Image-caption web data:
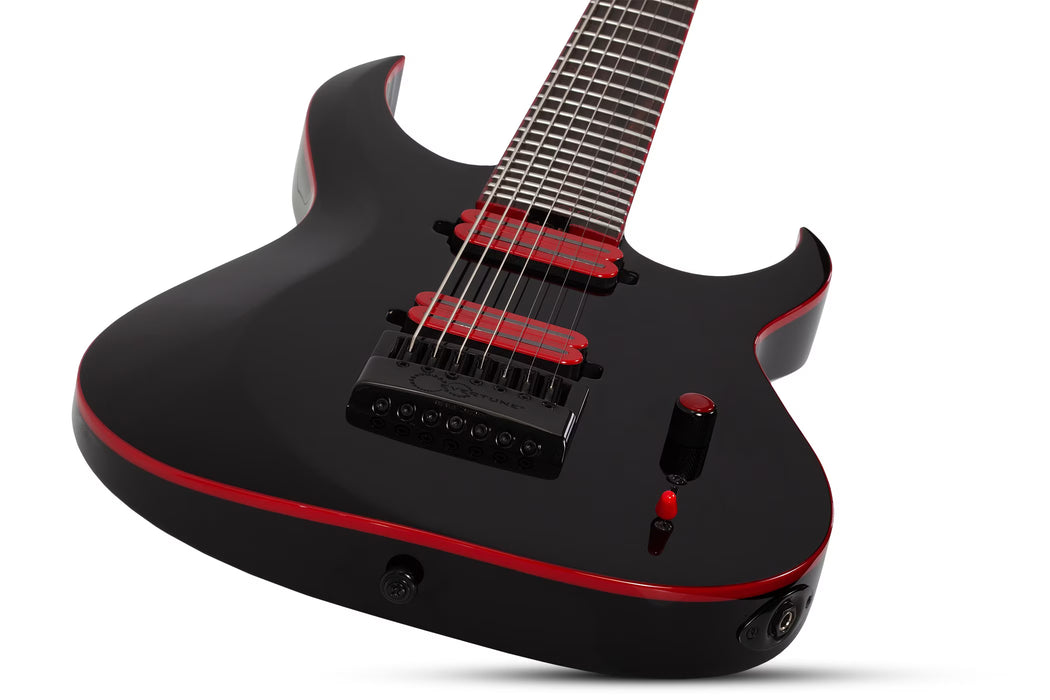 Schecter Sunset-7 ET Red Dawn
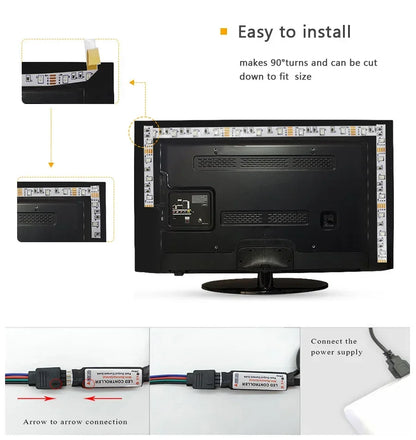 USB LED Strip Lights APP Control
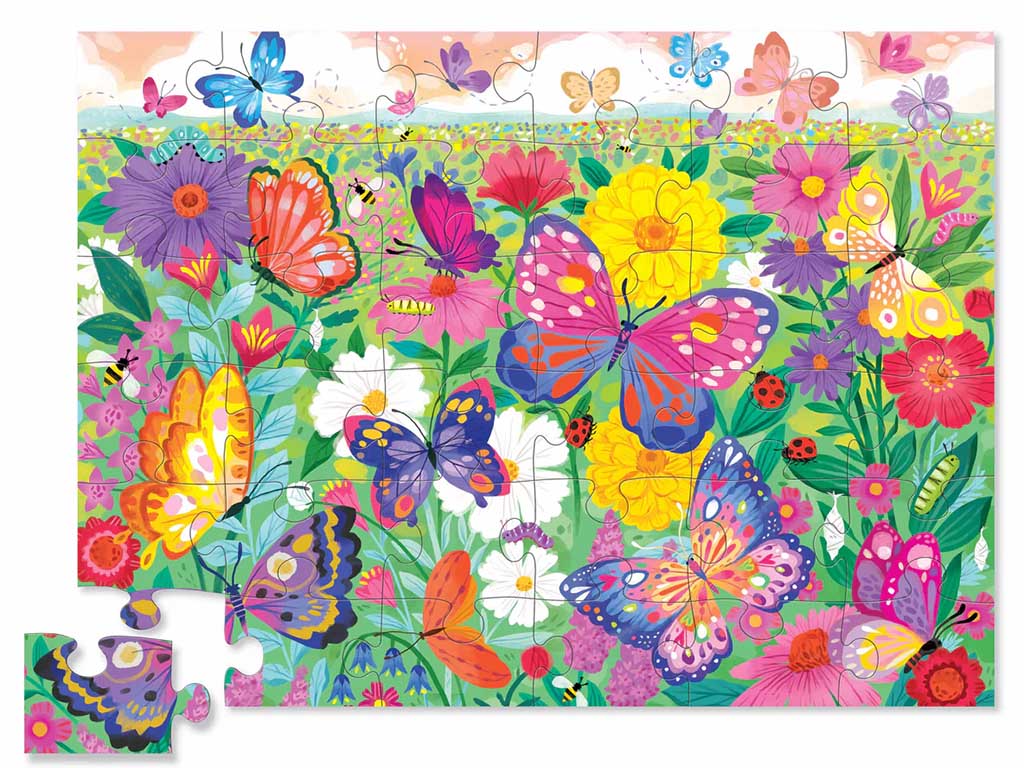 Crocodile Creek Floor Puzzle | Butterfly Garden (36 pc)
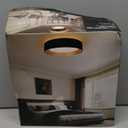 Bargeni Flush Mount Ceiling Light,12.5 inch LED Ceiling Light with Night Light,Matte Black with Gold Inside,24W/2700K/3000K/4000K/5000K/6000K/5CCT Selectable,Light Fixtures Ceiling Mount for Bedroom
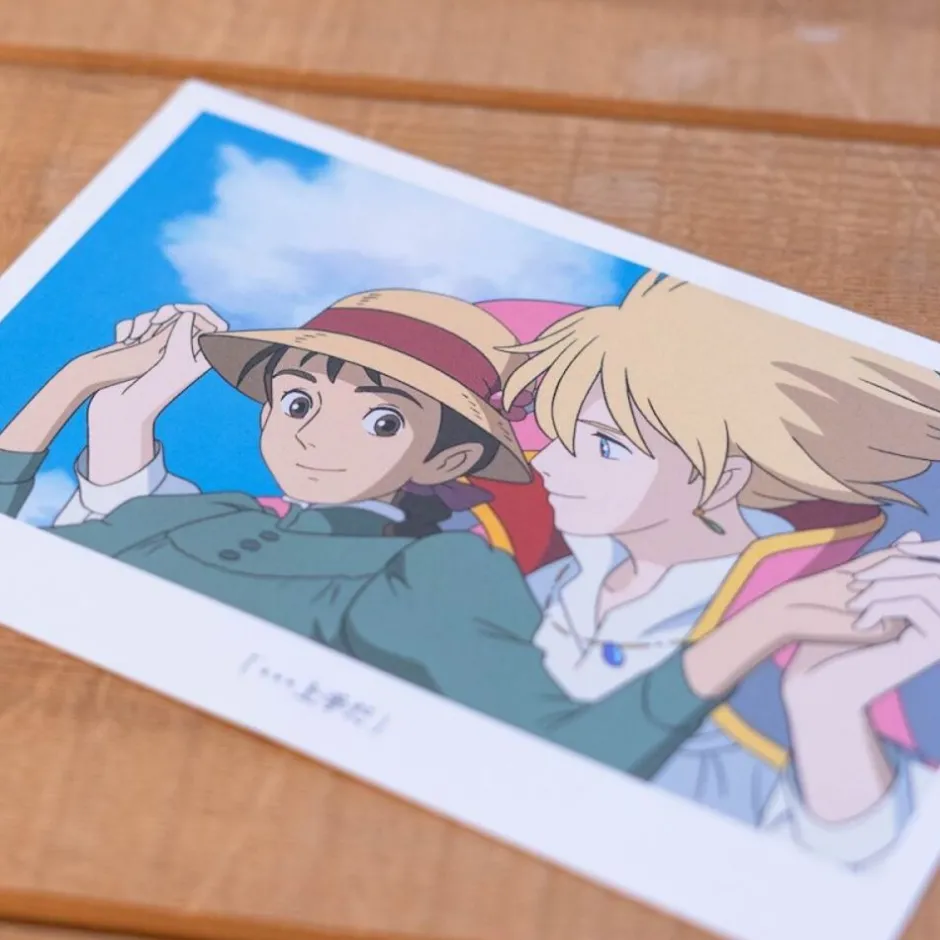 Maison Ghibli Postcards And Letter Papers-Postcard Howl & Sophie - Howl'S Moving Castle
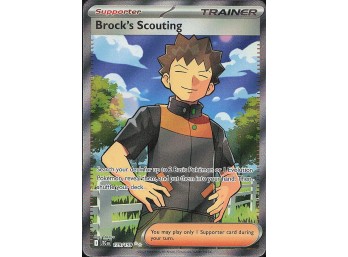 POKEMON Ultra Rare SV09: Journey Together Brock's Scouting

— ACTIVITY —
Please return only the lines running from the line with "USB LED Strip Lights APP Control" to the final line of the data, both included, exactly and without any pictures.

— TASK OUTPUT —
 USB LED Strip Lights APP Control
 Crocodile Creek Floor Puzzle | Butterfly Garden (36 pc)
 Bargeni Flush Mount Ceiling Light,12.5 inch LED Ceiling Light with Night Light,Matte Black with Gold Inside,24W/2700K/3000K/4000K/5000K/6000K/5CCT Selectable,Light Fixtures Ceiling Mount for Bedroom
 Maison Ghibli Postcards And Letter Papers-Postcard Howl & Sophie - Howl'S Moving Castle
 POKEMON Ultra Rare SV09: Journey Together Brock's Scouting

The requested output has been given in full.